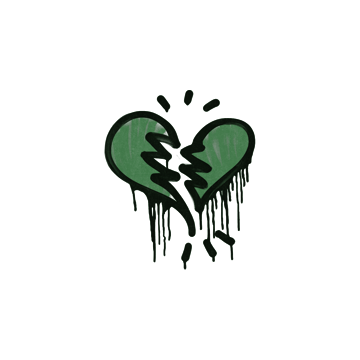 Sealed Graffiti | Broken Heart (Jungle Green) image 360x360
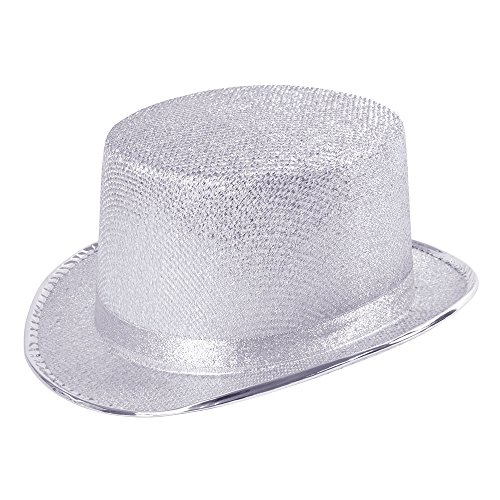 Bristol Novelty BH466 Silberfarbener Lurex-Zylinder, Unisex Adult, Silber, Einheitsgröße Bristol Novelty BH466 Silberfarbener Lurex-Zylinder, Unisex Adult, Silber, Einheitsgröße von Bristol Novelty
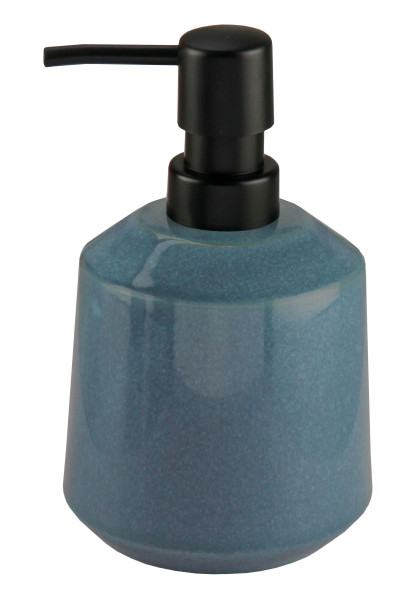Seifenspender MYSTIC in blau aus Steinzeug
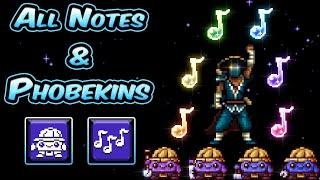 The Messenger - All Musical Notes & Phobekin Locations.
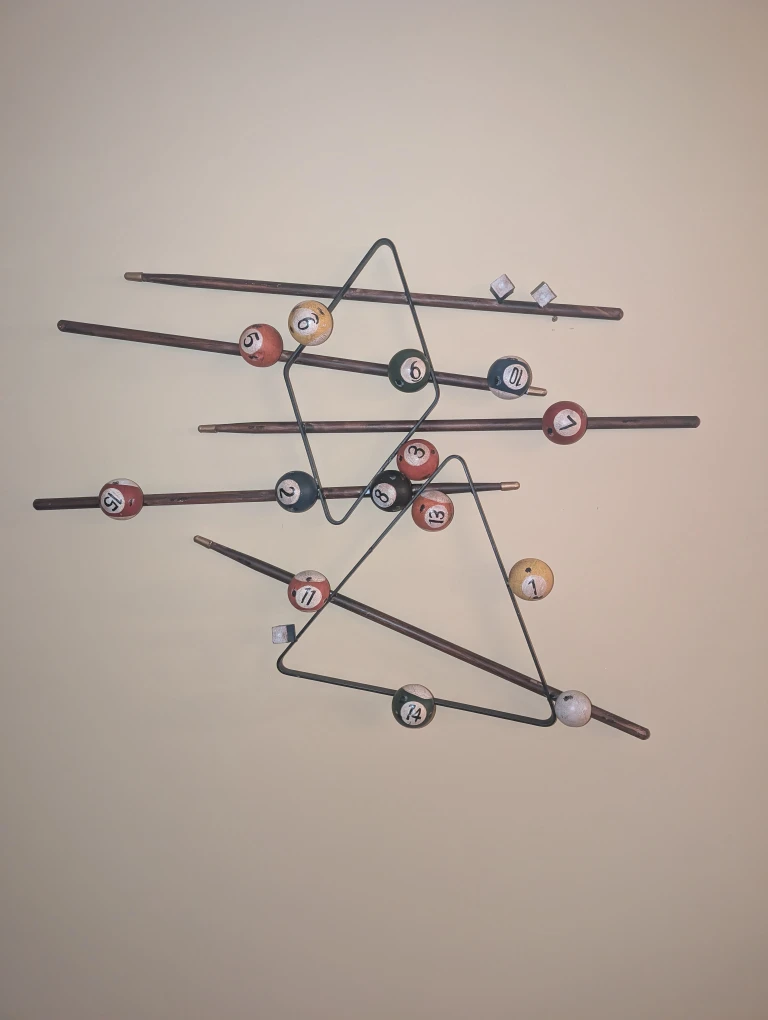 Unique Pool Ball Wall Art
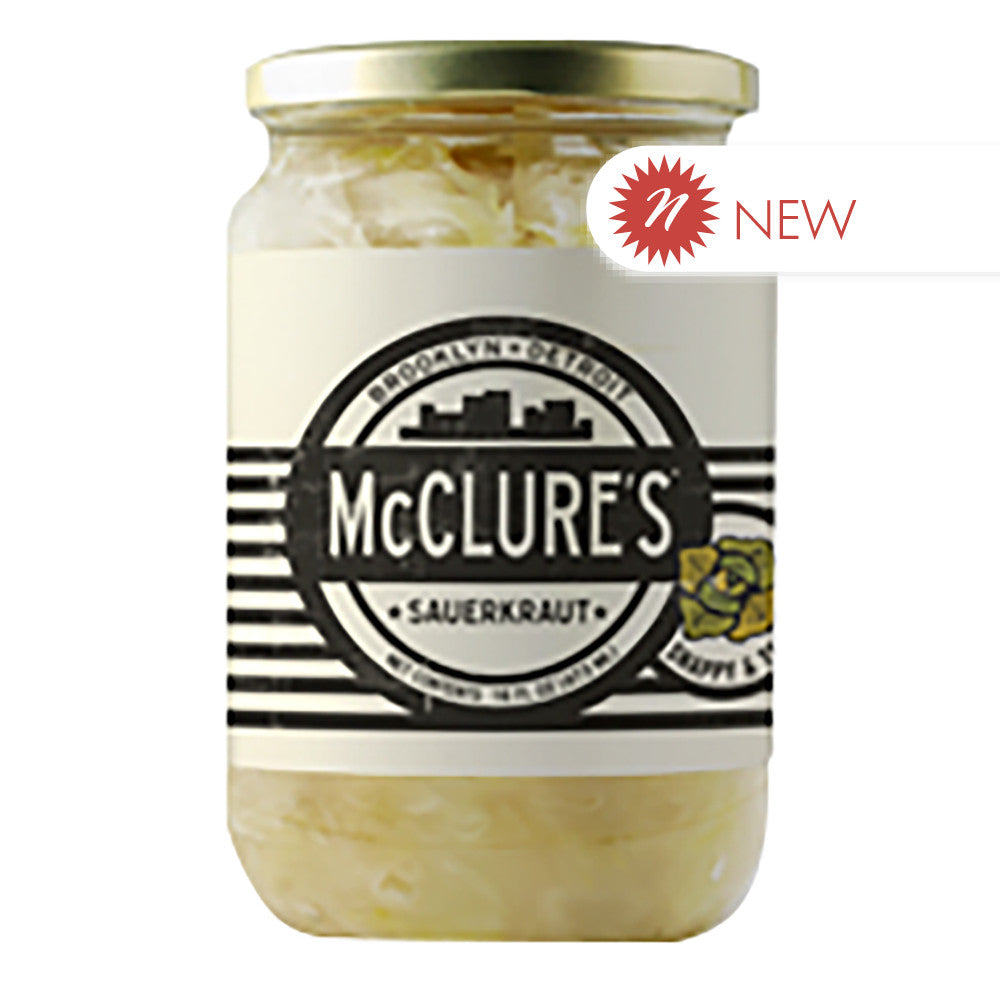 Wholesale Mcclure'S Sauerkraut 16 Oz Jar-6ct Case Bulk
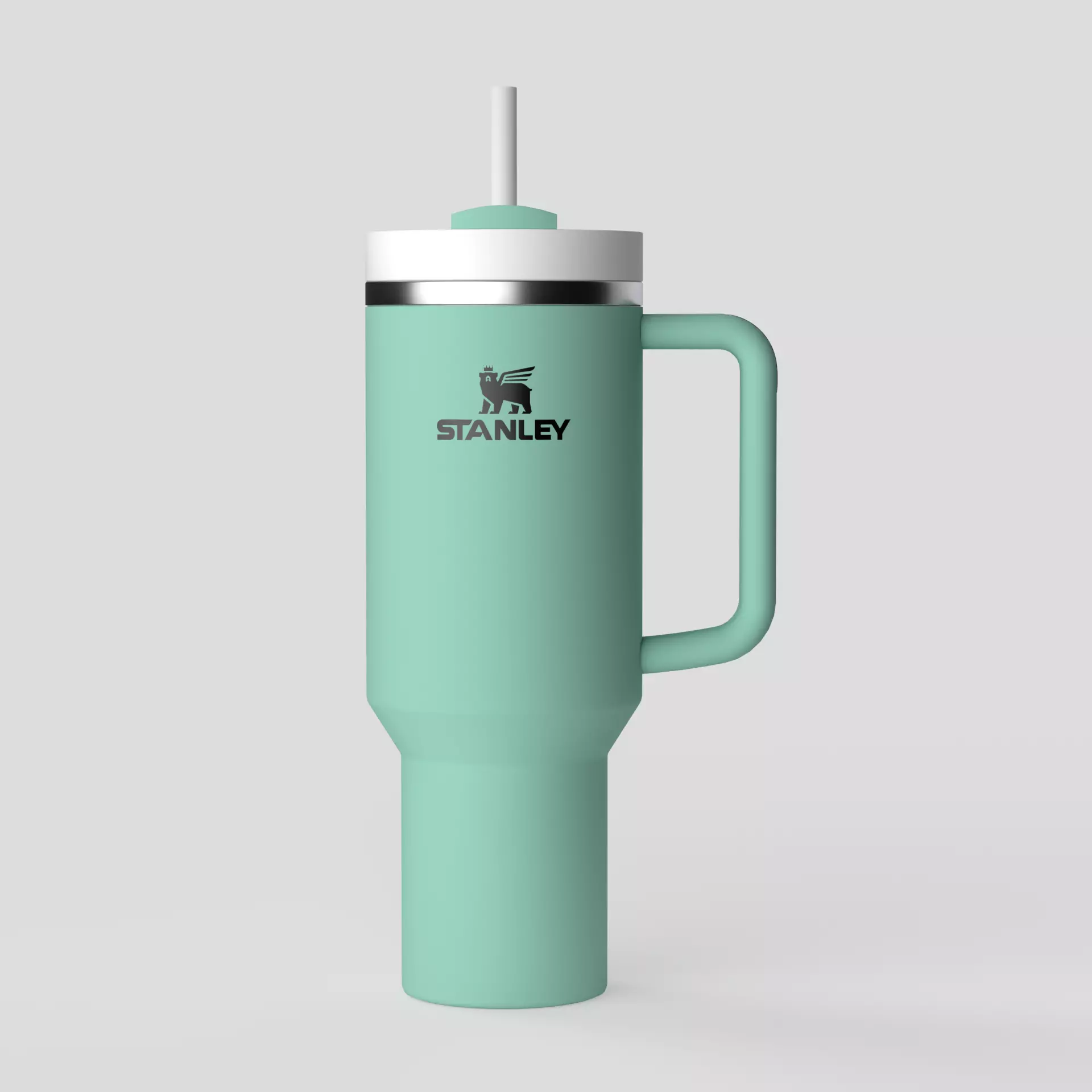 Stanley Quencher Tumbler Optimized 3D model_2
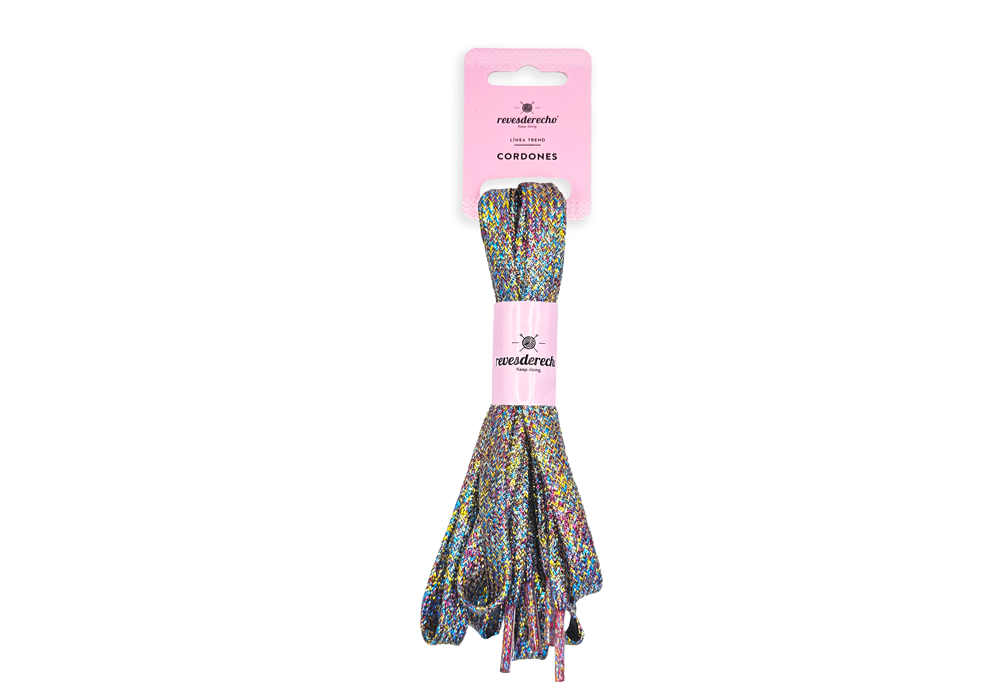 Cordones Planos con Glitter 110 cm - Revesderecho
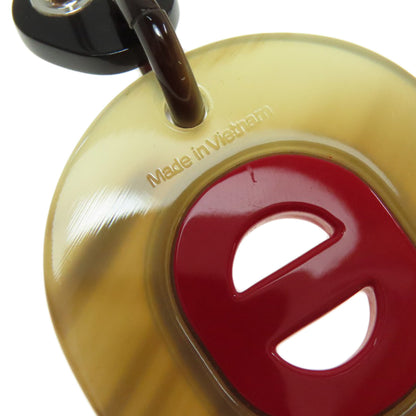 HERMES Fidelio Village PM earring Buffalo horn Ladies [Used]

========================

**Activity**
Take the line that contains "Unique Pool Ball Wall Art" and every line after it to the end of the records above; quote them exactly, leaving out the pictures.

**Solution to this exercise**
 Unique Pool Ball Wall Art
 Wholesale Mcclure'S Sauerkraut 16 Oz Jar-6ct Case Bulk
 Stanley Quencher Tumbler Optimized 3D model_2
 Cordones Planos con Glitter 110 cm - Revesderecho
 HERMES Fidelio Village PM earring Buffalo horn Ladies [Used]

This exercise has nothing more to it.